Inoltre la gestione dei sistemi computerizzati avanzati del velivolo resterà in mano agli statunitensi, aspetto che limiterà le ricadute tecnologiche alle aziende europee e renderà gli alleati totalmente dipendenti da Washington. L’F-35 si sta rivelando poi molto più costoso del previsto. In Italia si continua a parlare di 78 milioni di dollari a esemplare ma i costi reali saranno almeno doppi come ha dimostrato un recente rapporto della Corte dei Conti canadese che prevede 146 milioni di dollari per ognuno dei 66 aerei ordinati da Ottawa. Anche i costi di manutenzione, che dovevano risultare più bassi, sono già in netto rialzo rispetto ai velivoli oggi in servizio e gli Stati Uniti stimavano di dover spendere 350 miliardi di dollari per comprare i loro F-35 e altri 650 per mantenerli operativi.
Cifre che oggi vanno riviste al rialzo anche se da spalmare sui bilanci di 30 anni. Al di là dei costi complessivi che potranno essere quindi ben più alti anche per l’Italia possiamo permetterci l’F-35? Gli aerei vecchi vanno indubbiamente sostituiti ma il bilancio Difesa 2011 (14,3 miliardi per le forze armate) verrà tagliato di 2,5 miliardi tra il 2012 e il 2013. Tagli che colpiranno manutenzione, addestramento e l’acquisizione di nuovi mezzi poiché non è possibile tagliare gli stipendi ai militari, voce che già assorbe il 70 per cento del bilancio con tendenza a crescere. In assenza di risorse certe per il futuro, cioè di una pianificazione finanziaria a lungo termine, acquistare l’F 35 (o altri nuovi mezzi) significa rischiare di non aver i soldi per gestirli e tenerli in efficienza. In pratica è come se comprassimo una Ferrari, per giunta a rate ma non avessimo i soldi per fare il pieno, bollo e assicurazione e tagliandi.
Inutile affermare, come fanno i pacifisti, che con un il costo di un F-35 si potrebbero attuare importanti politiche sociali poiché la Difesa è una funzione indispensabile per uno Stato tale e quale il welfare ma un velivolo così costoso e sofisticato è indispensabile? Per bombardare chi? Guerriglieri talebani o truppe di Paesi a bassa tecnologia come quelli che affrontiamo in ambito Nato da 20 anni? Per colpire nemici simili potrebbero essere sufficienti anche velivoli meno avveniristici dell’F-35 che rischia di essere l’ultimo cacciabombardiere pilotato, sostituito tra 30 anni da meno costosi velivoli teleguidati senza pilota.
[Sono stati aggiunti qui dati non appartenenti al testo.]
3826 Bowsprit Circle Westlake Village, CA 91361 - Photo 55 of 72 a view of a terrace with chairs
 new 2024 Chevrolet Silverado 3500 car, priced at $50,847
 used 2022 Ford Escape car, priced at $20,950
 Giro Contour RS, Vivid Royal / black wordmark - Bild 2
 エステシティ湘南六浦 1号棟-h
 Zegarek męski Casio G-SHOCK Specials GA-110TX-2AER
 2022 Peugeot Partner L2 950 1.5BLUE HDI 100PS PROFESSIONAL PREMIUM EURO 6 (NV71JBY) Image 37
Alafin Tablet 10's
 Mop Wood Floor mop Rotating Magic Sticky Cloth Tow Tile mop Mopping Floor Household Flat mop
La soluzione più probabile è che l’Italia segua la tendenza degli alleati alle prese come noi con problemi di bilancio, riducendo il numero di jet da acquistare a 70/90 e acquisendoli in tempi più lunghi. Scelte che potrebbero ridurre i costi ma anche le compensazioni industriali all’Italia. Un compromesso che accontenterebbe le richieste politico/demagogiche ma lascerebbe l’Italia vincolata agli Stati Uniti. L’alternativa di abbandonare il programma (buttando 3,7 miliardi di euro già spesi) seguendo la Germania nell’impiego multiruolo dei caccia Typhoon non comporterebbe grandi risparmi ma lascerebbe la Marina priva di un velivolo imbarcato per la portaerei Cavour.